[Problem statement]: Take the lines of the data below from the very first through the line containing "Pop Art Street Scene with Baroque Elements" and output them exactly, pictures excluded.

(Short web captions)
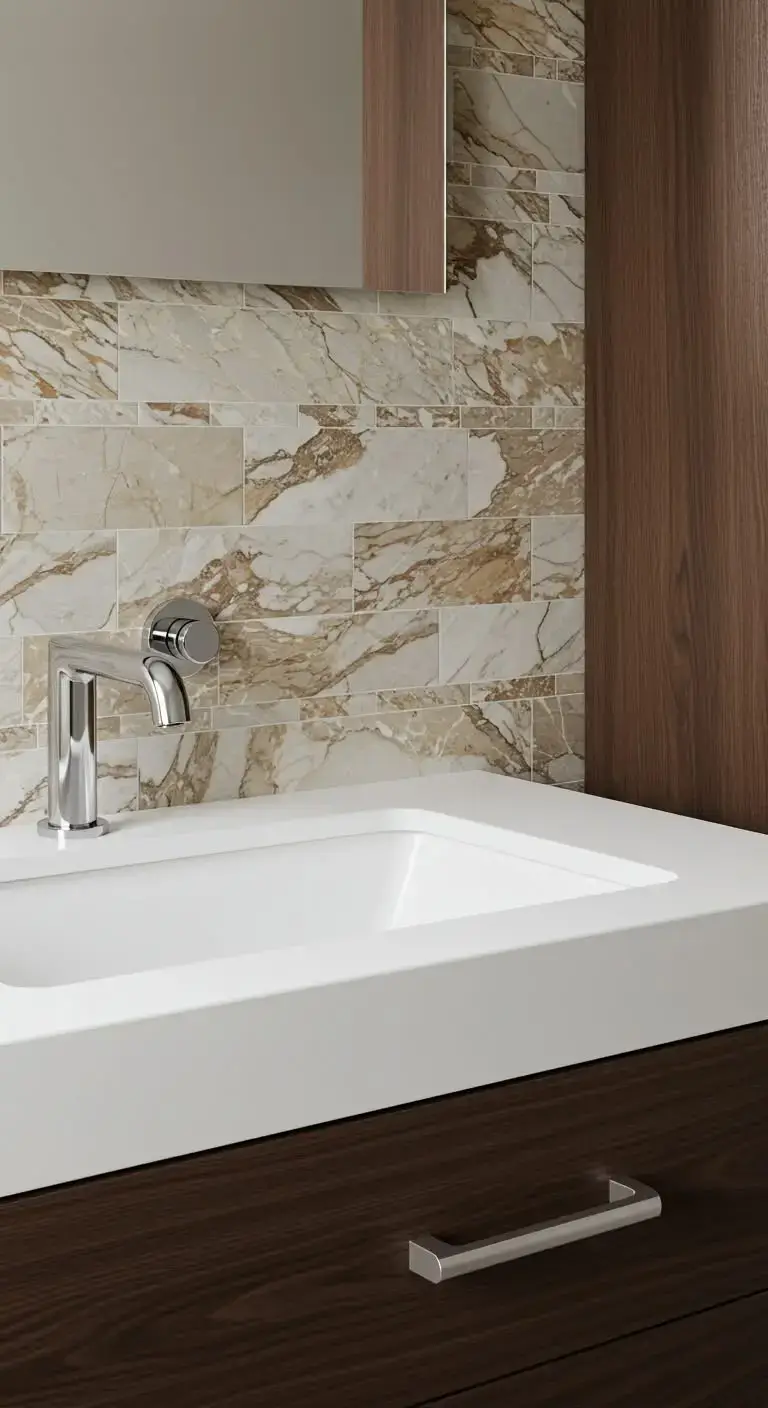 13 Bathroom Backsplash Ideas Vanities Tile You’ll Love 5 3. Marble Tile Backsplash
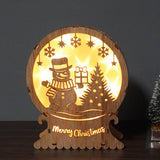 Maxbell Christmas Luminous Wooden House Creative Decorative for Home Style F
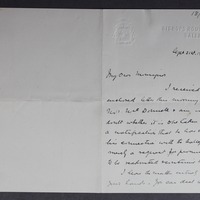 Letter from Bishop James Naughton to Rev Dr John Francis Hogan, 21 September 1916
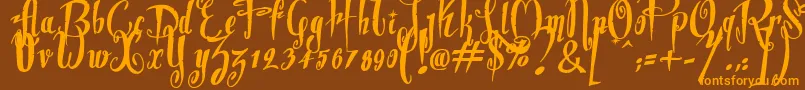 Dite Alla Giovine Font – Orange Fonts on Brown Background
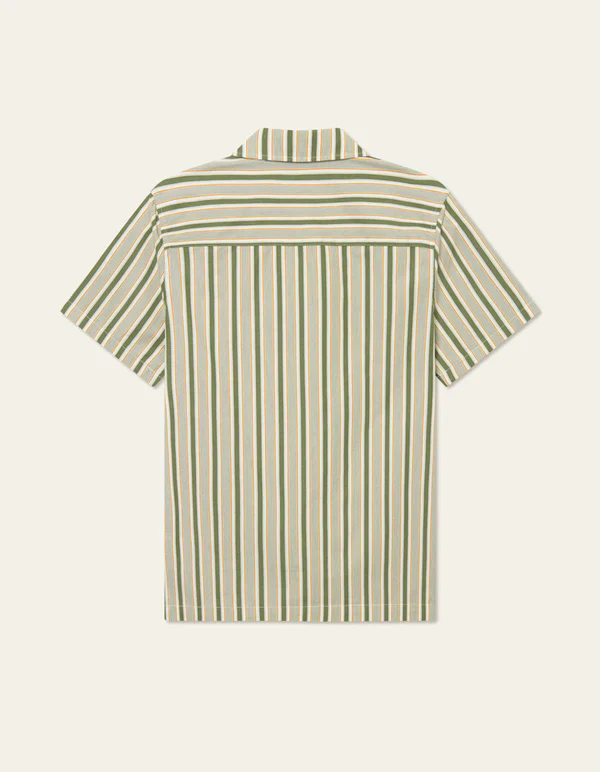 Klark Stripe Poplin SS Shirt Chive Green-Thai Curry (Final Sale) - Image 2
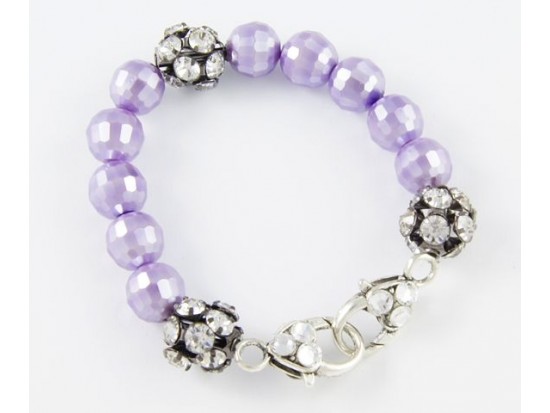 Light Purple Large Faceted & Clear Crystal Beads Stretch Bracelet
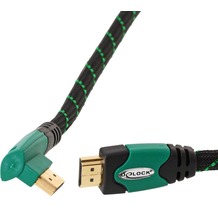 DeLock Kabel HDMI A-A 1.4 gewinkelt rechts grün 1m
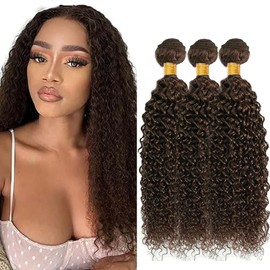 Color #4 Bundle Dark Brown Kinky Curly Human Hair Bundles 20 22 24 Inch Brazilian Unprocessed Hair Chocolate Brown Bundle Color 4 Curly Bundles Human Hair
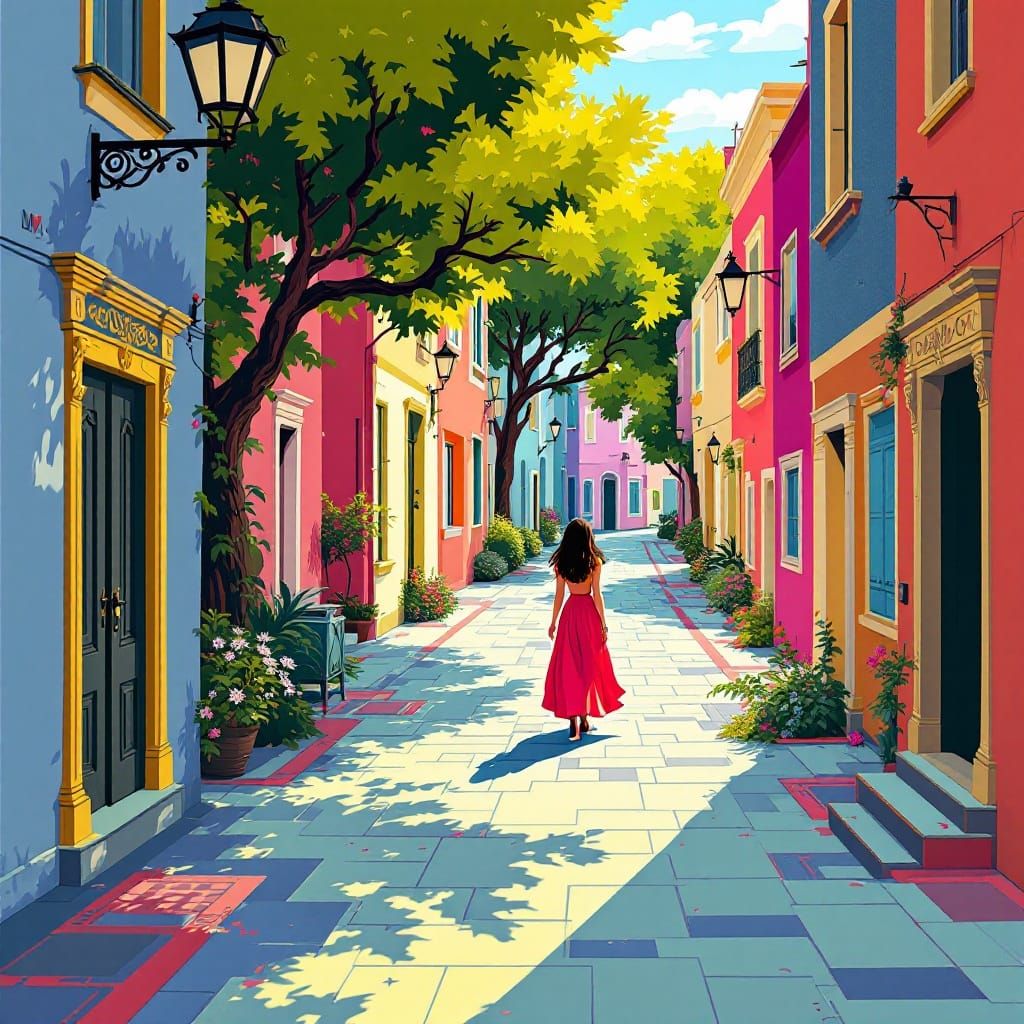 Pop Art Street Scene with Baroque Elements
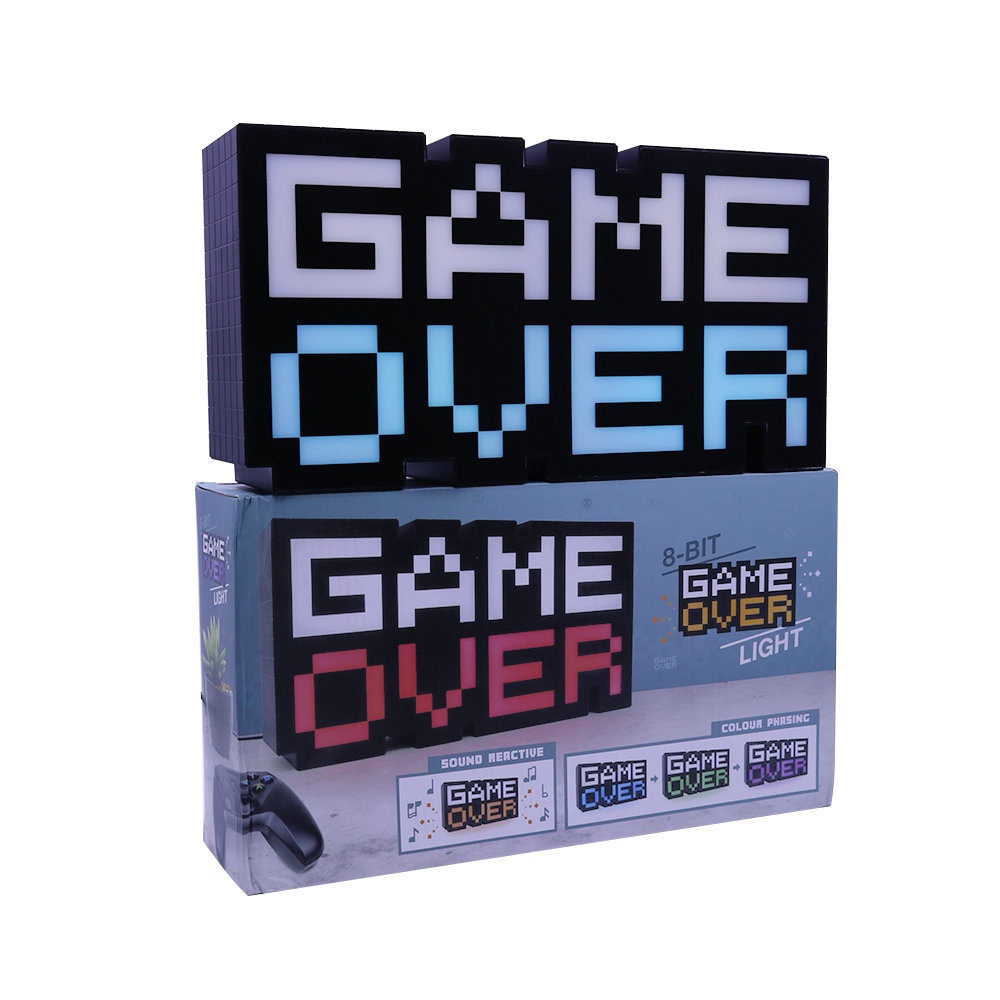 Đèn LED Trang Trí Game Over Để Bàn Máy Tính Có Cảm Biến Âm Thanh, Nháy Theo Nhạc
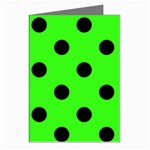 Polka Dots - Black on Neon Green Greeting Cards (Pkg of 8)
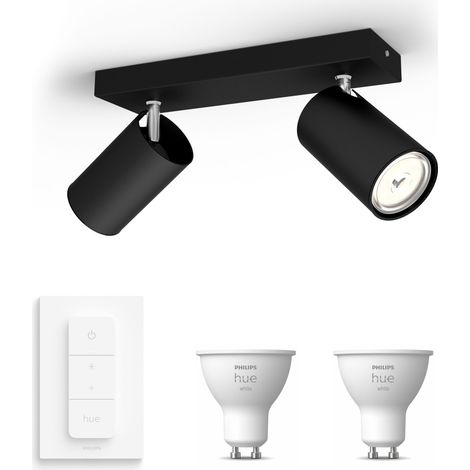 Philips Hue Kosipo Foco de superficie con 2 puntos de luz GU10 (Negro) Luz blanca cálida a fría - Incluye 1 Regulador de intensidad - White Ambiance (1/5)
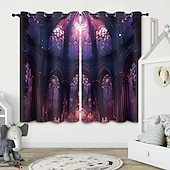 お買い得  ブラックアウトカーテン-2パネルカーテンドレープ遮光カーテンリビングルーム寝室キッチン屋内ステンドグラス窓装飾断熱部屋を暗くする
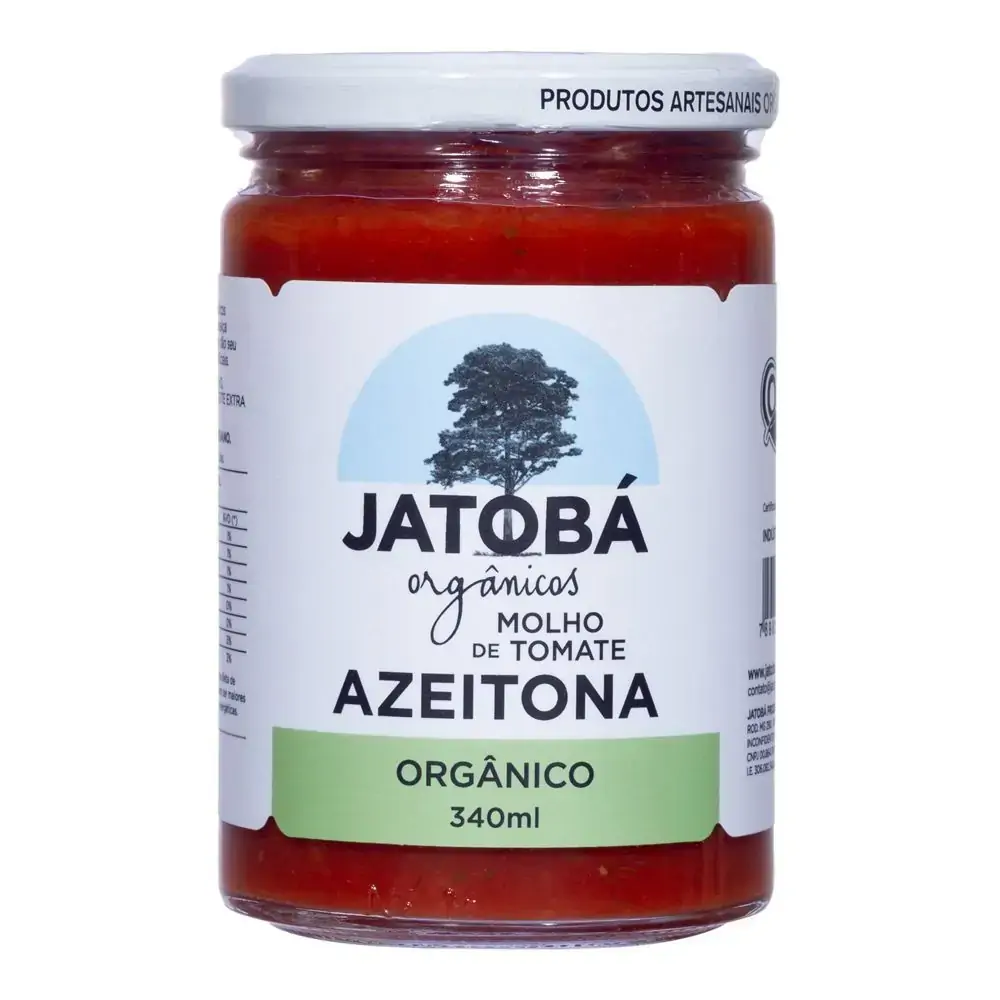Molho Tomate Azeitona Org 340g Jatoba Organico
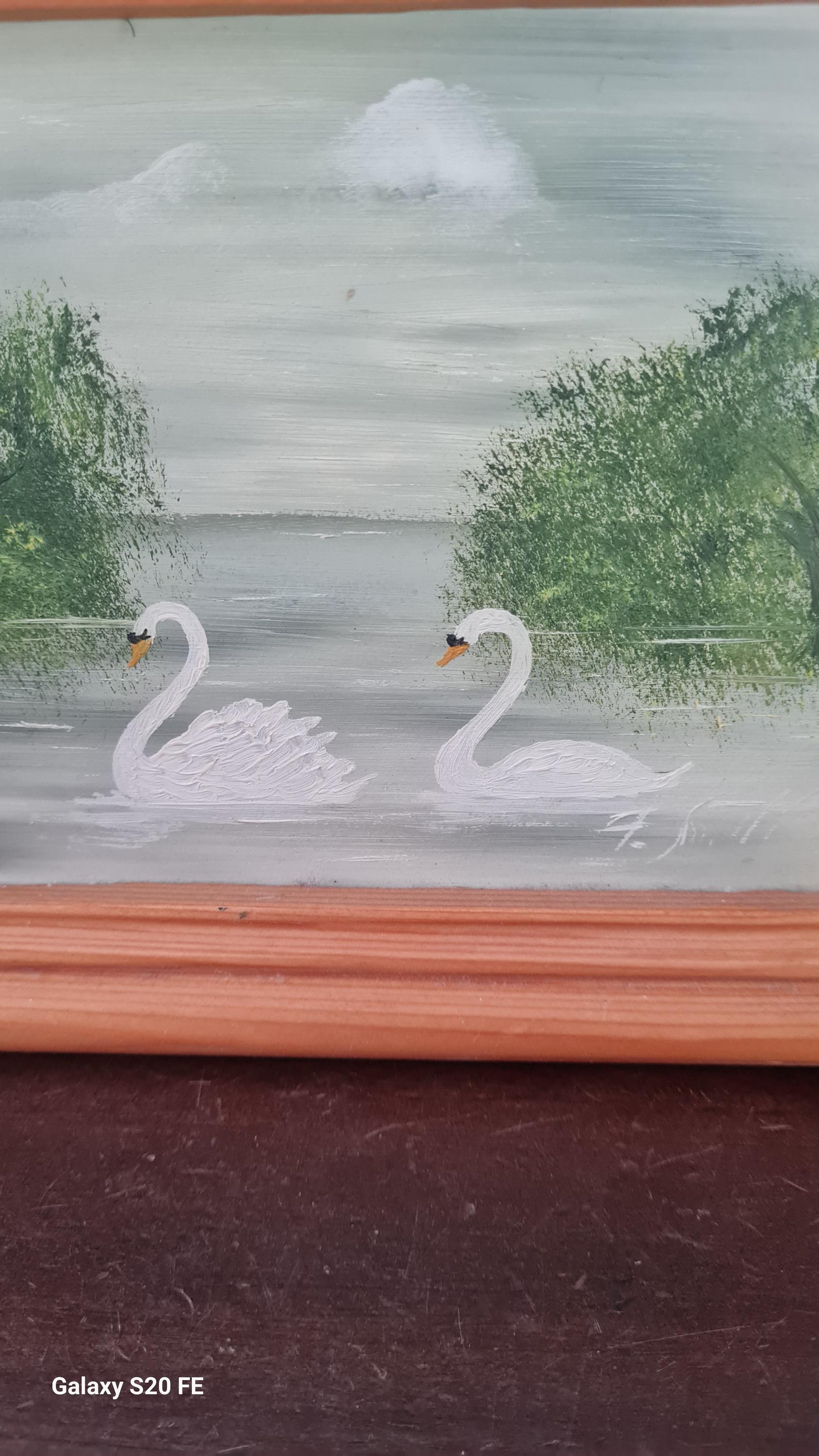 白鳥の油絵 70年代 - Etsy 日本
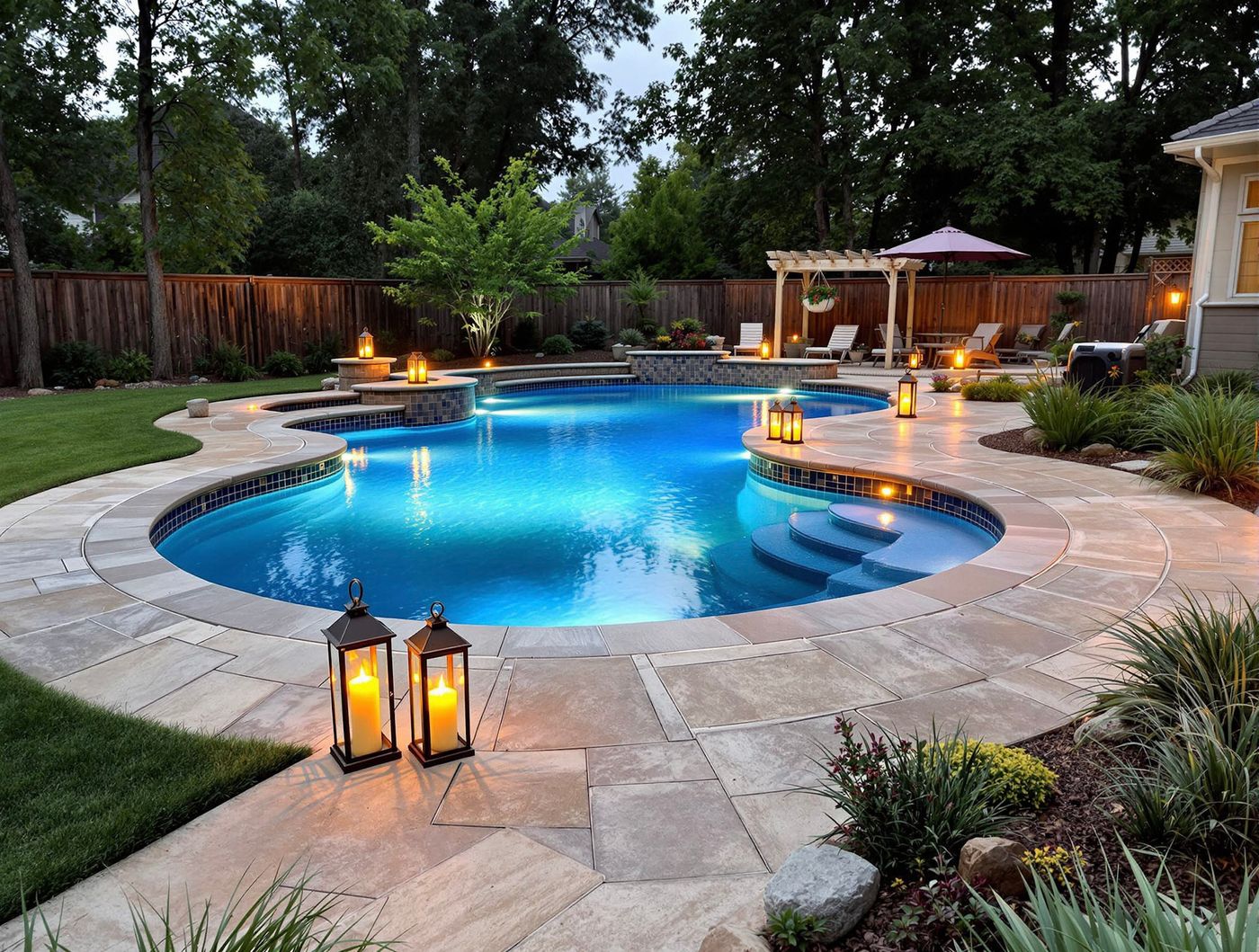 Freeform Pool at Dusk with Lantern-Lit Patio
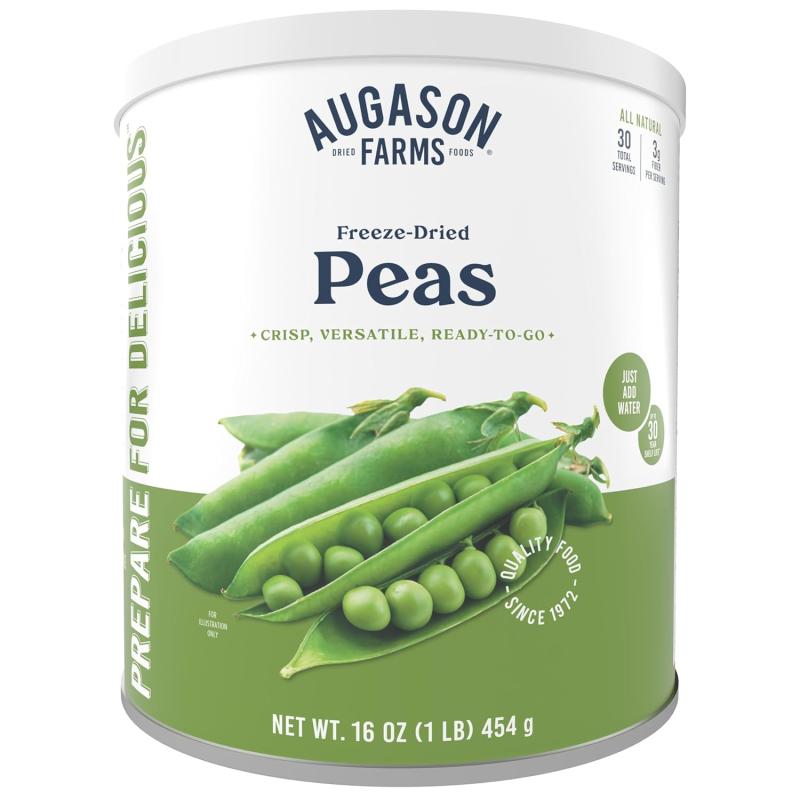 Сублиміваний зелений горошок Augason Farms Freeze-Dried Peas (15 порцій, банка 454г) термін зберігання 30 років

[Exercise output]:
 13 Bathroom Backsplash Ideas Vanities Tile You’ll Love 5 3. Marble Tile Backsplash
 Maxbell Christmas Luminous Wooden House Creative Decorative for Home Style F
 Letter from Bishop James Naughton to Rev Dr John Francis Hogan, 21 September 1916
 Dite Alla Giovine Font – Orange Fonts on Brown Background
 Klark Stripe Poplin SS Shirt Chive Green-Thai Curry (Final Sale) - Image 2
 Light Purple Large Faceted & Clear Crystal Beads Stretch Bracelet
 DeLock Kabel HDMI A-A 1.4 gewinkelt rechts grün 1m
 Color #4 Bundle Dark Brown Kinky Curly Human Hair Bundles 20 22 24 Inch Brazilian Unprocessed Hair Chocolate Brown Bundle Color 4 Curly Bundles Human Hair
 Pop Art Street Scene with Baroque Elements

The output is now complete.